Busan's Jagalchi Fish Market sells fresh fish and also has an array of restaurants that sell hoe (raw fish), gomjangeo (inshore hagfish) and other seafood. [YONHAP]

Busan's Jagalchi Fish Market sells fresh fish and also has an array of restaurants that sell hoe (raw fish), gomjangeo (inshore hagfish) and other seafood. [YONHAP]

 
BUSAN — “Ajimae! Can we add a serving of gomjangeo [inshore hagfish] here please,” a young man in his 30s yells at street vendor No. 8, called Kimhaejip, at the Jagalchi Market in Busan’s Nampo-dong with his wife on a recent Friday night.
 
“You just wait until the customers leave, I’ll have a drink with you,” the ajimae responded, who looked to be in her 70s and the likely owner of the street restaurant No. 8. Ajimae is the regional way of saying ajumma (an affectionate term for middle-aged women in Korean) in the Busan dialect.
 
At around 10 p.m., when most of her customers had left, she sat down with her frequenter who ordered one more serving of gomjangeo, shared a glass or two of soju, and wrapped up her day.
 
Ajimae at No. 8 Gimhaejip is busy preparing gomjangeo (inshore hagfish) for her customers. [YIM SEUNG-HYE]

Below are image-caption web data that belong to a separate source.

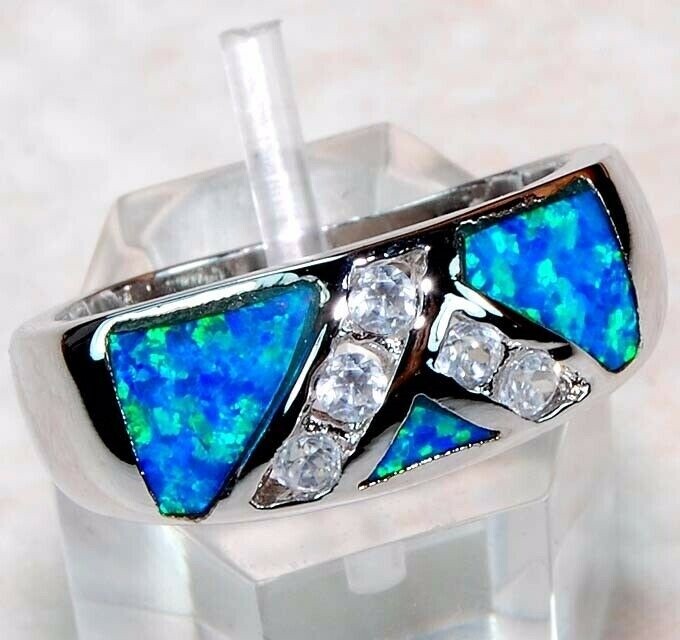 Australian Opal Inlay & Topaz 925 Solid Sterling Silver Ring Sz 6 DT3
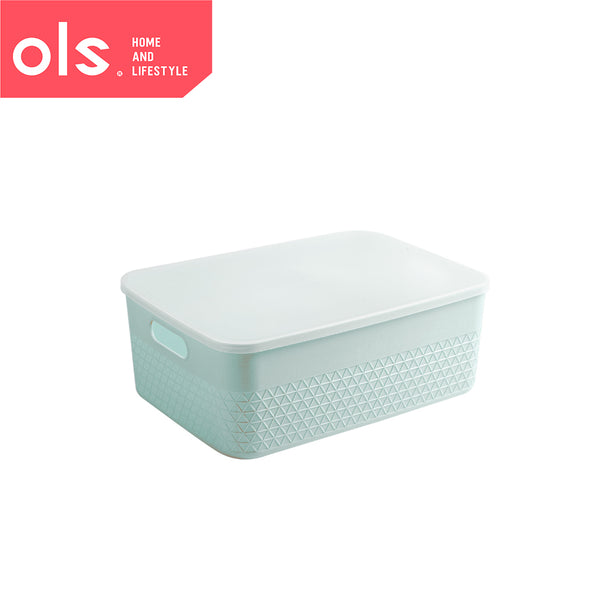 Storage Shelf Organizer Plastic Container Box With Lid Cover Cutout Handle Waffle Print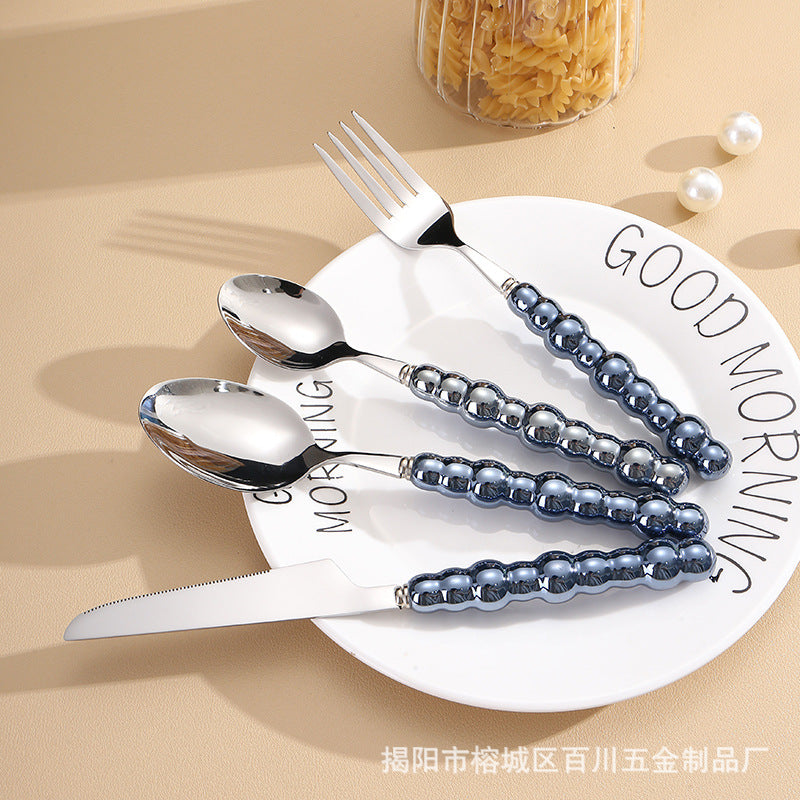 Pearl Ceramic Handle Knife European Style Set Light Luxury Nordic Style304Stainless Steel Western Cutlery Knife Fork Spoon INS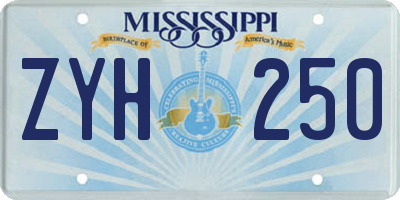 MS license plate ZYH250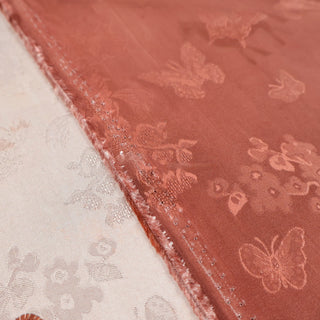 Japanese Luxury Designer Animal Pink Non-Stretch Viscose Jacquard Satin B017599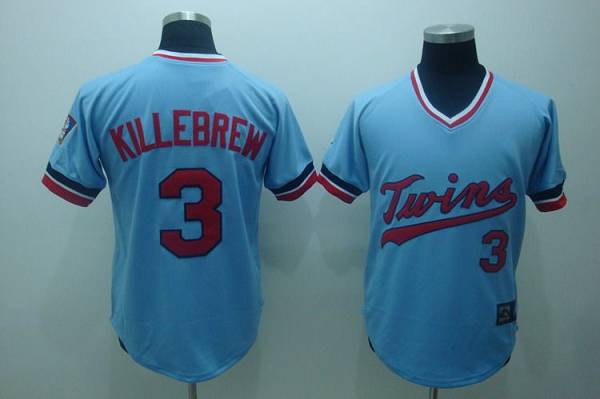 Mitchelland Ness Twins #3 Harmon Killebrew Stitched Light Blue Throwback MLB Jersey - Click Image to Close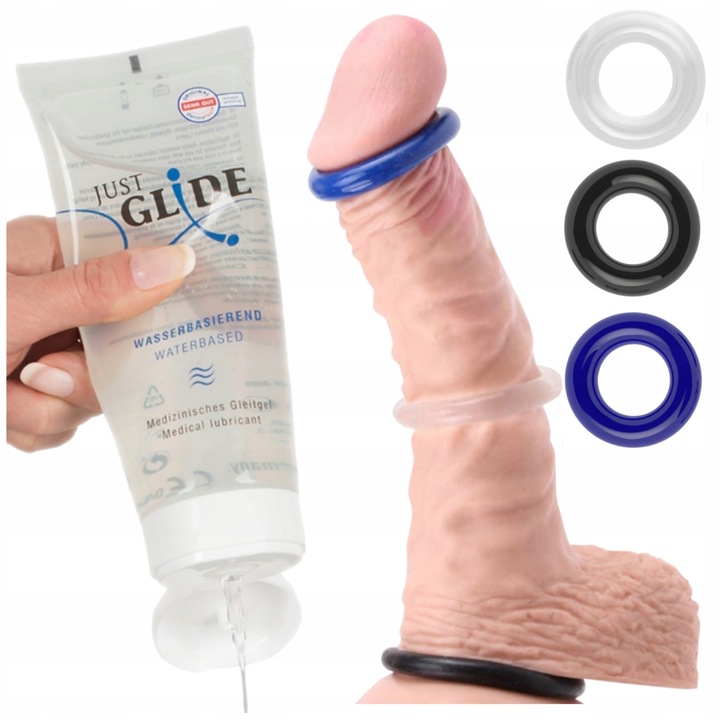 ŻEL INTYMNY LUBRYKANT nawilżający 200ml + ringi PIERŚCIENIE EREKCYJNE 3w1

Ajimae at No. 8 Gimhaejip is busy preparing gomjangeo (inshore hagfish) for her customers. [YIM SEUNG-HYE]

 
“This is quite a typical scene of how I wrap up my Friday night,” she said as she toasted her soju glass with her customer, surnamed Kang. “I know he orders an extra serving just for me. This is Busan style — the affection we have for each other, I guess, though we are just an ajimae and a customer.”
 
But Kang says he only does that because his ajimae often treats him and other customers to a plateful of hot and crispy jeon, otherwise known as a Korean fritter, when she’s not so busy.
 
“She always shouts out ‘on the house,’ so coolly and tosses a plate on our table,” Kang said. “We just love her dearly, and we know she cares for us.”
 
This warm and dynamic energy of the port city and its residents translates directly into its cuisine. Busan’s food scene is heavily influenced by the time when it was a wartime capital and temporary sanctuary for the refugees of the 1950-53 Korean War, as well as more modern, outside influences, typical of port cities.
 
Visitors to the Busan International Food Expo 2023 take a look around different booths on March 9 at the Bexco in Busan's Haeundae District. The event has been organized to offer a variety of tasty treats from around the world available in Busan. [YONHAP]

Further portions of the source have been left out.